* **What to produce**: Using the listing below, copy exactly the lines from the one containing "HYUNDAI HB 20" to the one containing "Adidas Top Ten", both lines included, and no others.

* **Stored data**:
----

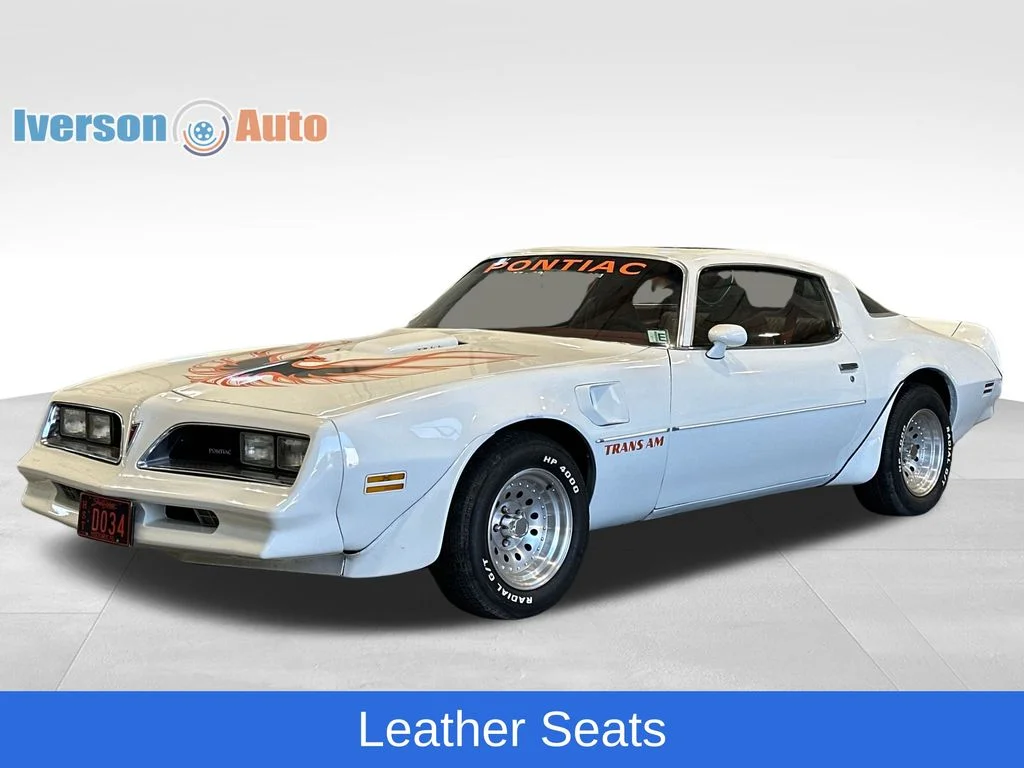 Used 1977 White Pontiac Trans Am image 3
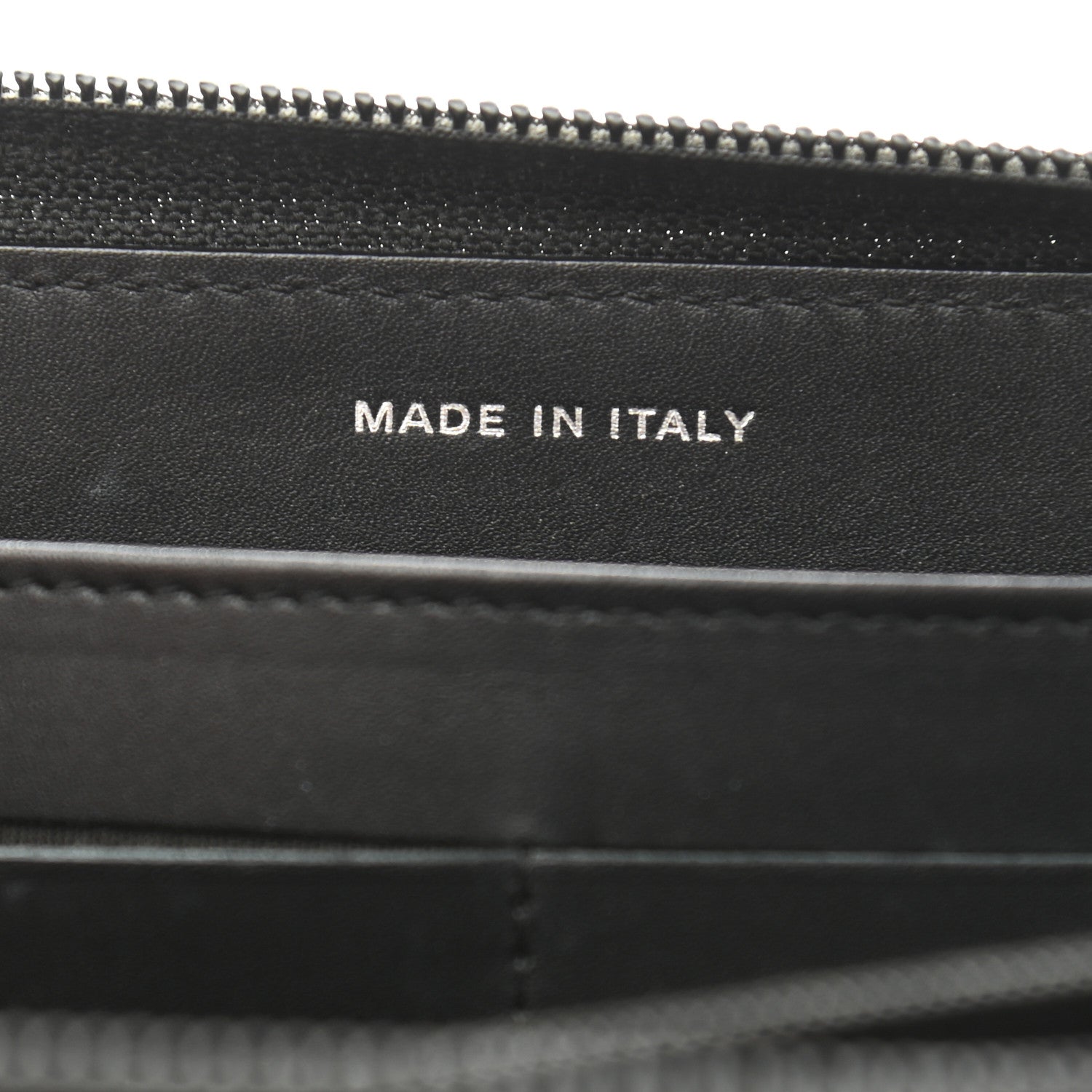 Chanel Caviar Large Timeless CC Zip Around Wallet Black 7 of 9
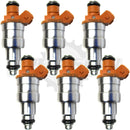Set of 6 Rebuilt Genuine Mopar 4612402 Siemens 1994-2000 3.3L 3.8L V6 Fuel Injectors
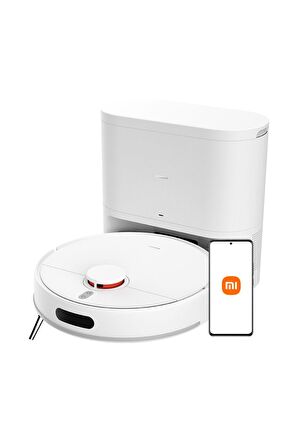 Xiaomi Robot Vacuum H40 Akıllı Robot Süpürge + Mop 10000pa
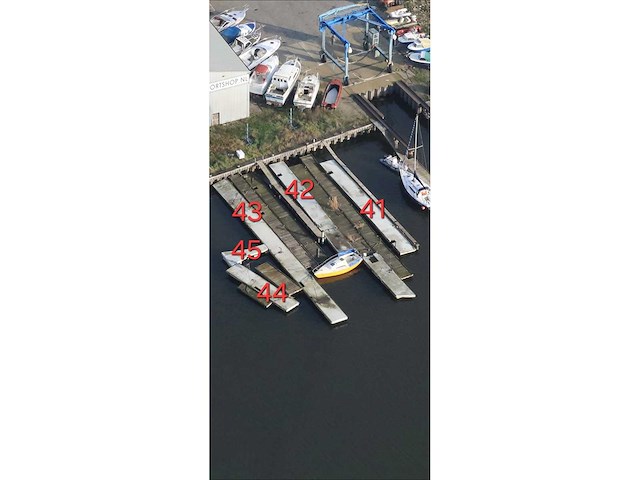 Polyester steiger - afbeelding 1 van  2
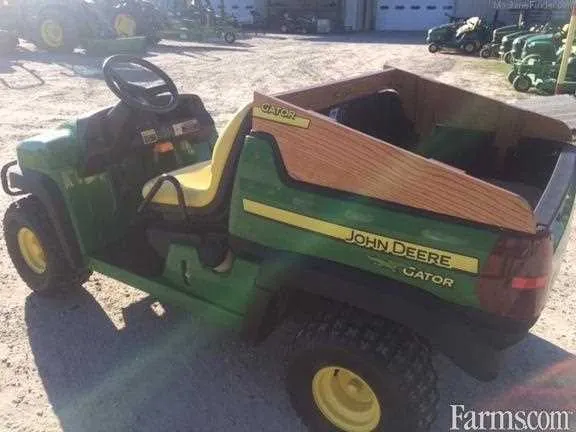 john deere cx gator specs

----

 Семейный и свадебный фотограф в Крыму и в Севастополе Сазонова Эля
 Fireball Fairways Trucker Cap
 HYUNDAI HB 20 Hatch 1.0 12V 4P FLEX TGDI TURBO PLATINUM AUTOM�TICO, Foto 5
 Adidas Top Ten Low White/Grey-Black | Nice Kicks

----

* **Answer below**:
 HYUNDAI HB 20 Hatch 1.0 12V 4P FLEX TGDI TURBO PLATINUM AUTOM�TICO, Foto 5
 Adidas Top Ten Low White/Grey-Black | Nice Kicks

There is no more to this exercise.